Exercise prompt>
Work out how many lines of the records hold the string "black", and reply with that number alone.

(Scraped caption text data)
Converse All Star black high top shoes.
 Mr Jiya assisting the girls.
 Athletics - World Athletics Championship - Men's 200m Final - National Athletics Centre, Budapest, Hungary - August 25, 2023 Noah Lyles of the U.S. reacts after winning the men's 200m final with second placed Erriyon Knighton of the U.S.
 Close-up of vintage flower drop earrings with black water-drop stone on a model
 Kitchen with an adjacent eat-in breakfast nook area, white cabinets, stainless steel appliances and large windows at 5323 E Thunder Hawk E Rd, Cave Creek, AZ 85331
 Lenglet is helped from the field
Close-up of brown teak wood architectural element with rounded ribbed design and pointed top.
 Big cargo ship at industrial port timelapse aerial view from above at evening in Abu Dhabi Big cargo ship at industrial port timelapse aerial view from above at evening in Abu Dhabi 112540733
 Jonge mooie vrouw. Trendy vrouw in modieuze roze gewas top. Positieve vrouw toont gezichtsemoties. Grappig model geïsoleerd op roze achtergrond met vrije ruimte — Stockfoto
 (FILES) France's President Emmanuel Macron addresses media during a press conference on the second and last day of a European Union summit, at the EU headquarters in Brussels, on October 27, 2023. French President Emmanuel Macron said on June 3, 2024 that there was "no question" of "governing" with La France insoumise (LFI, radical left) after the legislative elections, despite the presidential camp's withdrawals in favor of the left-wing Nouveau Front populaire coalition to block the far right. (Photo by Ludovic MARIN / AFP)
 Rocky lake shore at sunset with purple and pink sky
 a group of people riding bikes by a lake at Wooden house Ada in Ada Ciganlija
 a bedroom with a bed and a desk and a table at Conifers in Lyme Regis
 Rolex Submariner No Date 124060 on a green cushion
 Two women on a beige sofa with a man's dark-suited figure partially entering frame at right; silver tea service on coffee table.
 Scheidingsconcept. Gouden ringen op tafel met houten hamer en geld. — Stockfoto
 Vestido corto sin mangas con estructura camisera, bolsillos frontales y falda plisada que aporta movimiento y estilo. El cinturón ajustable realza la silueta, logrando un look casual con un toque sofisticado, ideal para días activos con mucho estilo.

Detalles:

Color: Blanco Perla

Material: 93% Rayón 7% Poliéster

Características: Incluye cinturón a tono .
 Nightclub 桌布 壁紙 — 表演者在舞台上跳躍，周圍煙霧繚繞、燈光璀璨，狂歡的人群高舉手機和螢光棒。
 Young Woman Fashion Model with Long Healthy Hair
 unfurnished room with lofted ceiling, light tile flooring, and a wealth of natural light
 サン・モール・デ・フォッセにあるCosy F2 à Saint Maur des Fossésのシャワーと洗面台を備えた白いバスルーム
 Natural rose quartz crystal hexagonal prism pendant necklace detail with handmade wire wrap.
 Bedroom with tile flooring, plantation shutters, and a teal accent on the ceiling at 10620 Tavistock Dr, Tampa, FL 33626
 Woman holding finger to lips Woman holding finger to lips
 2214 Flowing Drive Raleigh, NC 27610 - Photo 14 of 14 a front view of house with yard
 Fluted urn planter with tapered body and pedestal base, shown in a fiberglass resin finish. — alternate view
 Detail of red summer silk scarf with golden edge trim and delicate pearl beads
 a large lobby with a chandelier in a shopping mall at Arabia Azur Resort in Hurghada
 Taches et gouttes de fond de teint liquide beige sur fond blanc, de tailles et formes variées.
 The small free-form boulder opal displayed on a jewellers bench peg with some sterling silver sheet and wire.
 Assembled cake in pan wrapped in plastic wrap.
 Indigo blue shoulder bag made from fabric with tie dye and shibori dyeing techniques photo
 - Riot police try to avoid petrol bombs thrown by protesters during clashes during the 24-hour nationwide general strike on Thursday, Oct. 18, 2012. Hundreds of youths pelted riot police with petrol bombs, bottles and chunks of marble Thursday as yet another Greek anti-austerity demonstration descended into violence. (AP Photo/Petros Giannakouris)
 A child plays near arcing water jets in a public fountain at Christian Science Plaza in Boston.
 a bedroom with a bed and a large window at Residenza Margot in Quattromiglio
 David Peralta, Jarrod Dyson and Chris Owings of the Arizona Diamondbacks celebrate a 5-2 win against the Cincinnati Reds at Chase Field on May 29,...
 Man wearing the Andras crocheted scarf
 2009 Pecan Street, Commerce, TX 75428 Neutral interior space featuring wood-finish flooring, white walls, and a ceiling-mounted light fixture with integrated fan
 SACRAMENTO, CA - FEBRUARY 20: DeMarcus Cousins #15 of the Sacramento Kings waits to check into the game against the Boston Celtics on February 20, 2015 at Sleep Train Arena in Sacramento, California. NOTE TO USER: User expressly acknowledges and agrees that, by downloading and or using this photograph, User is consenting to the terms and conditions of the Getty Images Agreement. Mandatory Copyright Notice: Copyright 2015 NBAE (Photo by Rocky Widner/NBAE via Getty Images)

Exercise result>
2